The first of these articles was actually commissioned for issue 38 of the MIT’s Thresholds journal, but I have no clue if it is really going to be published or not. (I guess that’s the way some editors manage their responsabilities out there.)
As I’m about to revisit the issue of architecture and science fiction for the local FNAC magazine – one publication that, at least, has a wide readership in the gullible world of popular culture – I reread my very personal story and thought it fit as a piece of festive shrapnel. Read it here, perhaps while listening to this.
Archigram, A Walking City.
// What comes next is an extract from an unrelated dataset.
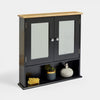 Canterbury Mirrored Cabinet Bathroom Storage Home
Via io9…
The stimulus was there, the text as well, so here goes another piece of text onto that growing world of unpaid content that, as some critics are now shyly discovering, – and as I would boldly state – will ultimately drive exclusive, academic writing onto the useless niche where it belongs.
Back in 2005, parallel to this notion, I have also produced some reflections – and something of a demonstration – on the subject of how the decrease of professional criticism would ultimately kill architecture as we know it. Naturally, Portugal was a retro-avant-garde in that respect.
However, the article was published in a small, local academic magazine and thus it was read by practically nobody – which is one of the (general) problems of the design and architectural critique these days. As Alexandra Lange just unfolded it for us in the Design Observer, after her other article on the subject in the recently revived Architecture d’Aujourd’Hui.
As such, I also take the opportunity to republish that old text in my Portuguese language archives. As for the English-speaking world, it can always read the somewhat less darker version of a similar content in Lange’s “boring” blog.